The investment bank said that its forecast a year ago for higher commodity prices “played out much better than expected.” The bank pointed to industrial metal prices, which are up 24 percent this year, plus the 13 percent increase in oil prices.

But looking forward, Goldman sees plenty of room to run. “The demand backdrop today is now even stronger than a year ago, with robust and synchronous global growth clearly evident,” Goldman analysts, led by Jeffrey Currie, wrote in a December 11 research note. The extension of the OPEC deal also led the bank to revise up its forecast for oil prices, as inventories should continue to fall throughout 2018.

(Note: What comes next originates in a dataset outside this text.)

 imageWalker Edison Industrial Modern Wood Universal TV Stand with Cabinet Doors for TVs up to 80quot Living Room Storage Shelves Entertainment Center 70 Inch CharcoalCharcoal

There are other reasons to be bullish on commodities. The investment bank argues that commodities tend to outperform other asset classes when central banks move to tighten rates. That is because rate hikes typically occur when demand is exceeding supply – the higher prices resulting from that mismatch are why central banks are trying to raise rates, but it is those higher prices that support the investment case into commodities.

The report concluded that "a positive carry in key commodity markets and already strong global demand growth across the commodity complex reinforces the case for owning commodities. And hence we maintain our 12-month overweight recommendation, now with a forecasted return of almost 10 percent."

On top of that, Goldman argues that it “pays to be late and enter commodity markets as the business cycle matures.” The logic is that in the oil market, for instance, futures are in a state of backwardation, which makes investing highly attractive. “The reason for this is that once the returns are based upon carrying and less on price appreciation, the persistence of the carry delivers more stable and dependable returns,” Goldman wrote.

Read Energy Analyst: "Meaningful Upside" for Oil Prices...

And because the oil futures market is not heading back into a state of contango next year, the “persistent level of backwardation [will be] the primary driver of returns next year,” the investment bank predicts. “More specifically, we see 15% returns next year from the role yield in oil and 10% yield from the roll yield across all commodities”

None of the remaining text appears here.